Ariza admitted he had a tough time with the offensive sets, but getting used to the vocabulary of the Blazers plays will take time.

“I felt pretty normal once I got on the court. I was a little confused about what we were doing, but once Coach Stotts talked to me, he told me -- go out and play, my teammates told me -- go out and play, so that’s what I was trying to do,” Ariza said.

“I’m trying to get use to hearing new calls for the same plays everybody else runs. I probably know about five plays right now,” Ariza added.

He may only know a handful of plays at the moment, but Ariza believes in this group despite Portland falling to 19-27 on the season.

“I think this is a talented group that is injured. That’s probably why they brought me in. They have a lot of injuries, but they’re pretty resilient. They’ve been fighting every game, playing hard every night, so hopefully playing hard -- and winning, we’ll figure it out,” Ariza said.

One thing is certain: Ariza and Lillard have mutual respect for one another.

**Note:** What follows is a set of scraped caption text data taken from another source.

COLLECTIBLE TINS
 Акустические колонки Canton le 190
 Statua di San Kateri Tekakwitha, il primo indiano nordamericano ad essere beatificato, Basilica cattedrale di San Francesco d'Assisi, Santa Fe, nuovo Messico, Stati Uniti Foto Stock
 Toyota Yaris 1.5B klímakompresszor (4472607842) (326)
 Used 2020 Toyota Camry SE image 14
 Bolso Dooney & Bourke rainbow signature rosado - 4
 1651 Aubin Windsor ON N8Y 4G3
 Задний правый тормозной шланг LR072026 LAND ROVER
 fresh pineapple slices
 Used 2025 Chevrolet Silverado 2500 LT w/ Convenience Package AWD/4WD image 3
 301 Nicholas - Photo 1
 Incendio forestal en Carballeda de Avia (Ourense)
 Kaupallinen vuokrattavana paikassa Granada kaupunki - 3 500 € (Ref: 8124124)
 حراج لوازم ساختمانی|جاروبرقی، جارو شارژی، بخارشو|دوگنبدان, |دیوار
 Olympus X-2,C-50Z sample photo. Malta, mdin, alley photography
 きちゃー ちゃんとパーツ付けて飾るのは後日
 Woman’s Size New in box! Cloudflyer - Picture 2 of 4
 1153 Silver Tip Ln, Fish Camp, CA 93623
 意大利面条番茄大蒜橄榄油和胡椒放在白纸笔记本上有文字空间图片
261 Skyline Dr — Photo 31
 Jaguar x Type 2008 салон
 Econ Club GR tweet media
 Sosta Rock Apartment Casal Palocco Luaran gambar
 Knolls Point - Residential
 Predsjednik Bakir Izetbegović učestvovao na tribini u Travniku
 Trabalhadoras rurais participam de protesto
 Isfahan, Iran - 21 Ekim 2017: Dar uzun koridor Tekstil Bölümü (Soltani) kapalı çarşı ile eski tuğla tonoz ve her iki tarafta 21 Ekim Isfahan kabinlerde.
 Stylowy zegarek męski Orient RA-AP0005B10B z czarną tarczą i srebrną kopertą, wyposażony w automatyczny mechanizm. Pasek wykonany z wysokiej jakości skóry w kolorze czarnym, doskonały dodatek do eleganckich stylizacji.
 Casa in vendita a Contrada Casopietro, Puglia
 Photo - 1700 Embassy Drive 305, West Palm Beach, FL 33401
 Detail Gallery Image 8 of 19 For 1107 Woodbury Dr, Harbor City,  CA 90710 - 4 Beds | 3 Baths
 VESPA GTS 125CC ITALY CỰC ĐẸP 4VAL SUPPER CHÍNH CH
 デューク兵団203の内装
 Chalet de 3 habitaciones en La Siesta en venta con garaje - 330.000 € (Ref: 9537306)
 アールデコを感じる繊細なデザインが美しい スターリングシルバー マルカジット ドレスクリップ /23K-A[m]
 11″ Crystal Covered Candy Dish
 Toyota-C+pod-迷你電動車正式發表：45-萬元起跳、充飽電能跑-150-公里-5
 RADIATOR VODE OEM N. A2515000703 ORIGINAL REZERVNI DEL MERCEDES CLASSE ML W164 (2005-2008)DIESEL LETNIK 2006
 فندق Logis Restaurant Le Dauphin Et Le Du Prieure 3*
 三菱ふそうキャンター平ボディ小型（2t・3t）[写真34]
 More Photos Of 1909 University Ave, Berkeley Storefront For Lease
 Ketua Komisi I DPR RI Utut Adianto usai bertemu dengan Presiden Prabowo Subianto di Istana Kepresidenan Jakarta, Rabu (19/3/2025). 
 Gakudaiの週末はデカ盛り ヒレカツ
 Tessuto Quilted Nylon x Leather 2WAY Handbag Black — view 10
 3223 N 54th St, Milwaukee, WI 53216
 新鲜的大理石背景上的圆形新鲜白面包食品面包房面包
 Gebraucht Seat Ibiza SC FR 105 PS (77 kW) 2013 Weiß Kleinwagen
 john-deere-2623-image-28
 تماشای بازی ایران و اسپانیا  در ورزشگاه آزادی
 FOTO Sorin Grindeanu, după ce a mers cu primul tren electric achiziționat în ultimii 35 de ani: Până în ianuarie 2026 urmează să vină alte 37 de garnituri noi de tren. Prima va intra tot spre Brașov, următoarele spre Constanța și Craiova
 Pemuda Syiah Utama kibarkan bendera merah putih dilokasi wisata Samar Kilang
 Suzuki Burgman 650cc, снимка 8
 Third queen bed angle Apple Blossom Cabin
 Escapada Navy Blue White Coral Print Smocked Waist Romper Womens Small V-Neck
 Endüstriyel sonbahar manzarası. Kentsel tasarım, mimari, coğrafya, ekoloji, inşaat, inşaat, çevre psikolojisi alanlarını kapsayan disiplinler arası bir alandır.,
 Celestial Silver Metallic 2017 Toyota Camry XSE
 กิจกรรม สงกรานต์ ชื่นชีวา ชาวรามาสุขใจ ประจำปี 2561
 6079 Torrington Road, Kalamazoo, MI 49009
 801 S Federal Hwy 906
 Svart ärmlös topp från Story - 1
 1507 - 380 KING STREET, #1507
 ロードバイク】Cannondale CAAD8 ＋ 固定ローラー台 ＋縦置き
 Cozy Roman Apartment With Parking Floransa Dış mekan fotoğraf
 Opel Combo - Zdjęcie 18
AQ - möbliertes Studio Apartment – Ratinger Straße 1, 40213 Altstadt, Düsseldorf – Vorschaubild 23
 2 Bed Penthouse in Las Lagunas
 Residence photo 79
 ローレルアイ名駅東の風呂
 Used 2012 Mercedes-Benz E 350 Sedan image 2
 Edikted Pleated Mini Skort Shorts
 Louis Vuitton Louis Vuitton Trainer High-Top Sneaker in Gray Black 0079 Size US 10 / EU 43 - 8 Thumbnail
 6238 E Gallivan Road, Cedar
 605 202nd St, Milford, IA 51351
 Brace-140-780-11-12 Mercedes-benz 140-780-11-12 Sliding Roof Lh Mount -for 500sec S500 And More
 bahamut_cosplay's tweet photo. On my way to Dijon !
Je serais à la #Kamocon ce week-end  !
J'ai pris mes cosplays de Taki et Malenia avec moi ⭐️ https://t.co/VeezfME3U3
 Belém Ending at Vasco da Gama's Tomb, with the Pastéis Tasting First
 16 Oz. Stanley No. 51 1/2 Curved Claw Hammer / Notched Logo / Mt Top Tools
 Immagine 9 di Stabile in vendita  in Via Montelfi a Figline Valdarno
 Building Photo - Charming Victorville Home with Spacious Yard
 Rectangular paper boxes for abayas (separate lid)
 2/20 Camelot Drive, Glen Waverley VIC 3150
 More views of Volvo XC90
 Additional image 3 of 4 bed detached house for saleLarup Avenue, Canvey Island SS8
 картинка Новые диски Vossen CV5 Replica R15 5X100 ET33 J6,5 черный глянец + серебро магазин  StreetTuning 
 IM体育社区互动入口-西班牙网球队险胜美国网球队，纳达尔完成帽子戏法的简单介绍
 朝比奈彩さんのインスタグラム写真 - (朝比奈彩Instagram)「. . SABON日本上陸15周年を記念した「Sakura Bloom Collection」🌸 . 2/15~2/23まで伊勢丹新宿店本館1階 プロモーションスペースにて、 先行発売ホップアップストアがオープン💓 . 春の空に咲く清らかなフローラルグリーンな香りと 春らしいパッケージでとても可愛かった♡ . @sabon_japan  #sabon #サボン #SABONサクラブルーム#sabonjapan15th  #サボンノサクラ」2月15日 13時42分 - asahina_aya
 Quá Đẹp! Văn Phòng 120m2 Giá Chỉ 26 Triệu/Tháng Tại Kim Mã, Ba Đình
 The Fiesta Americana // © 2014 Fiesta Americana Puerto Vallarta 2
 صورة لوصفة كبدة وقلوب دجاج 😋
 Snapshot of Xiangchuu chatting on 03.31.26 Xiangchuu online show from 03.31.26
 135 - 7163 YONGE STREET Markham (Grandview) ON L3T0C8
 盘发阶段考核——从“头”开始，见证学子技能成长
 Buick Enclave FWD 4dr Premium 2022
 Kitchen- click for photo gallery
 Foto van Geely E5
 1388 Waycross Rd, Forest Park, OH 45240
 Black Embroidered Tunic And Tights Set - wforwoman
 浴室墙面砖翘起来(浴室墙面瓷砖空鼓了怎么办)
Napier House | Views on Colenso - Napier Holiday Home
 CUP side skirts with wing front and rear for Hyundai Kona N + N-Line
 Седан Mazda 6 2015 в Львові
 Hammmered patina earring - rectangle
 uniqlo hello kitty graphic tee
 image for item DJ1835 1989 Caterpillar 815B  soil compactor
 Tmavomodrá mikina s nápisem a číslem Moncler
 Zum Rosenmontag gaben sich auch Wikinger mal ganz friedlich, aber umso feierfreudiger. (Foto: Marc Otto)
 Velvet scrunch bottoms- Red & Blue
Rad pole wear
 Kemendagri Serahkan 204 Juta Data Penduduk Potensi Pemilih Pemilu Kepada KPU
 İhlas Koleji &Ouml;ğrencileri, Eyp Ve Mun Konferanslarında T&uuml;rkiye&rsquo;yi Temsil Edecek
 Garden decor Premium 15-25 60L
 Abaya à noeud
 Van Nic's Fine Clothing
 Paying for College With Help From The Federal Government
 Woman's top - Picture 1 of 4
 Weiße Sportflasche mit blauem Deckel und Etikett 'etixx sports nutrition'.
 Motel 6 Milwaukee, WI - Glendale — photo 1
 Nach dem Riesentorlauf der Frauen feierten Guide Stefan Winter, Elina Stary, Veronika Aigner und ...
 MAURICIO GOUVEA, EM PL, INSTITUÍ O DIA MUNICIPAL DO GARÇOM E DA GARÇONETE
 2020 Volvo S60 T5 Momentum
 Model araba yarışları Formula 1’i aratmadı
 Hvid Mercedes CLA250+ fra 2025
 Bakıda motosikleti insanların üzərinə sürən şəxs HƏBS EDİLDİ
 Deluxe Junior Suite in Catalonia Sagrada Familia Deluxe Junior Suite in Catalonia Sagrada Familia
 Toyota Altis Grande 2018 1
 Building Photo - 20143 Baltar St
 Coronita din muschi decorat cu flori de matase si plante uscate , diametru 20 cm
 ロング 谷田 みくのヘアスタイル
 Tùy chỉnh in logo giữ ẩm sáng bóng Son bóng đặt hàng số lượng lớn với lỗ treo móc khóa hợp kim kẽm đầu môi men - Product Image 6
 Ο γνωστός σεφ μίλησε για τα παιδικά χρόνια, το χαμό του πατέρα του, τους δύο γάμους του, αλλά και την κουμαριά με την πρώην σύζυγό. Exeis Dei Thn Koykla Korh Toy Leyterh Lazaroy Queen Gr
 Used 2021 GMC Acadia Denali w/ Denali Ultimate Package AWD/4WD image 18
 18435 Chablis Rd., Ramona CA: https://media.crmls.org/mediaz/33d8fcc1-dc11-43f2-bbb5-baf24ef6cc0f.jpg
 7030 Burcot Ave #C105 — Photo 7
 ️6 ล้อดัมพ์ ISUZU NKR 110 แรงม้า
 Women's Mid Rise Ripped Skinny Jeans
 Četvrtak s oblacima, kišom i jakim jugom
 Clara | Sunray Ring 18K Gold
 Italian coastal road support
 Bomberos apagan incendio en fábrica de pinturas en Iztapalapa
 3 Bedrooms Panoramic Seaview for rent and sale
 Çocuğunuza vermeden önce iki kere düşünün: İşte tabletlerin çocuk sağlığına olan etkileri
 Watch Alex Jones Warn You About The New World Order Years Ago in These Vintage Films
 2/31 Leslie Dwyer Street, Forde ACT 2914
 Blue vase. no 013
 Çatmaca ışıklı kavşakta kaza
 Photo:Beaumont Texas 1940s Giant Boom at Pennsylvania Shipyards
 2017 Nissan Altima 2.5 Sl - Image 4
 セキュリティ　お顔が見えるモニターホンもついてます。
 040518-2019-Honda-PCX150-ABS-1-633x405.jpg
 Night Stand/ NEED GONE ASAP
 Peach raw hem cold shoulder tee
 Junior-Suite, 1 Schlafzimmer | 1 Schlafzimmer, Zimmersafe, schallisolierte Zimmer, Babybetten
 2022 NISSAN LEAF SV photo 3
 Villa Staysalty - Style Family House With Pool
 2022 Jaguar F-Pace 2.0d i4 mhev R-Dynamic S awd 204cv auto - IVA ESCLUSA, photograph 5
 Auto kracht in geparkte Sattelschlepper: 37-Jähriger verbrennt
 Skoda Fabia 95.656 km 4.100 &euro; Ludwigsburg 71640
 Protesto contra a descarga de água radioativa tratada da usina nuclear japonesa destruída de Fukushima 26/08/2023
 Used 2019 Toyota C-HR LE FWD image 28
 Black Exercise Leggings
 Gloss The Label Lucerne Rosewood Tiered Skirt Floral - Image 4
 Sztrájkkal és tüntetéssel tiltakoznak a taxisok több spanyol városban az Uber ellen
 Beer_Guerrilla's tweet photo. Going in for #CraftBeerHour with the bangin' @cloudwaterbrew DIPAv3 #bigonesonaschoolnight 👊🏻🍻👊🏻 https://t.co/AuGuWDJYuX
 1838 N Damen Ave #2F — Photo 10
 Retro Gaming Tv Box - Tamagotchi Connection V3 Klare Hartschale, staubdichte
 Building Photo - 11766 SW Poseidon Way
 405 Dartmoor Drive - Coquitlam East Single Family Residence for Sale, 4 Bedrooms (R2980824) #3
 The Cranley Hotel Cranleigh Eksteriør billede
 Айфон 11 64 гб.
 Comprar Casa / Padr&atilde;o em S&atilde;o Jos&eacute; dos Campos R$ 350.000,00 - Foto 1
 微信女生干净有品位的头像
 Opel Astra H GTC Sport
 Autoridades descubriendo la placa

The newest Trail Blazers had nothing but praise for his point guard.

When you’re playing against him it’s like ‘this little dude is hitting everything.’ Playing with him, since it’s my first time getting a chance to be teammates with him on the court it’s like, ‘damn, he’s really hitting everything.’ That’s what he does. When you need a bucket, you’ve got a bunch of them around here.” – Trevor Ariza on Damian Lillard  

Carmelo Anthony, who finished with 16 points and 11 rebounds in the losing effort, gave props to his fellow veteran.

“Anytime you get traded to a new team, a new situation, you rely on your skill, your talent, but also, in his case -- his experience, just playing basketball. Playing against Portland for so long, just trying to find his way, his experience got him through. And the way that he played, he played hard and that’s his game, that’s who he is,” Melo said.

Now, hopefully Ariza can turn "liking to win" into actually winning with the Trail Blazers, which is exactly what this team needs.